Con il dragaggio senza draghe lo sfangamento dei porti diventa sostenibile?
A Marina di Carrara, durante il convegno “Nuove tecnologie per lo sfangamento sostenibile dei porti“, si è parlato della criticità rappresentata dai fanghi che creano impatti sull’ecosistema e difficoltà per gli operatori portuali. Un analogo problema lo hanno anche i gestori delle dighe destinate alla produzione idroelettrica, con impatti ambientali in questo caso per gli ecosistemi fluviali situati a valle degli invasi.
Le tecniche tradizionali di dragaggio e di “mulinazione” possono creare impatti su vaste zone anche distanti chilometri dal punto di prelievo a causa del fenomeno di “risospensione” (per non parlare di operazioni discutibili effettuate senza il rispetto delle normative ambientali vigenti). Attualmente si stanno diffondendo tecniche di dragaggio innovative e meno invasive ed una di queste in particolare è stata messa a punto da un’azienda toscana, la Decomar Spa che ha sede legale a Pontedera (PI).

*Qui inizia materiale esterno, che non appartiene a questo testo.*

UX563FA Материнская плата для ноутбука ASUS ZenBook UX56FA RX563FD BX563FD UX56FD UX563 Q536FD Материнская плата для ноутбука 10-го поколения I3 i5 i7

La soluzione consiste nella produzione di una tecnologia a ricircolo che consente di operare in totale assenza di contatto con il fondale riducendo di fatto l’invasività ambientale in quanto è in grado di realizzare in-process l’asportazione dei sedimenti, la separazione granulometrica degli stessi differenziando i materiali ingombranti, ed eliminando gli eventuali inquinanti dalla frazione a granulometria maggiore. Con questa operazione al contempo si opera una riduzione in volume dell’eventuale frazione da conferire a trattamento.
Questa tecnologia, come emerso dal convegno, è applicabile anche nelle dighe tipo quella di La Penna (nel Valdarno Superiore), nella quale si sono accumulati 12 milioni di m3 di sabbia e fango. «Questo tipo di fanghi grazie all’impiego di tecnologie come quelle proposte da Decomar SpA potrebbero essere riutilizzabili come materia prima seconda per costruzioni», ha dichiarato Fabio Roggiolani, vicepresidente di G.I.G.A. (Gruppo informale per la geotermia e l’ambiente) tra gli organizzatori del convegno. Roggiolani ha promesso di monitorare lo sviluppo di queste tecnologie e di farne misurare dalle università toscane e dagli organi preposti gli effettivi risultati, «sempre che le gare si aprano anche a questa tecnologia».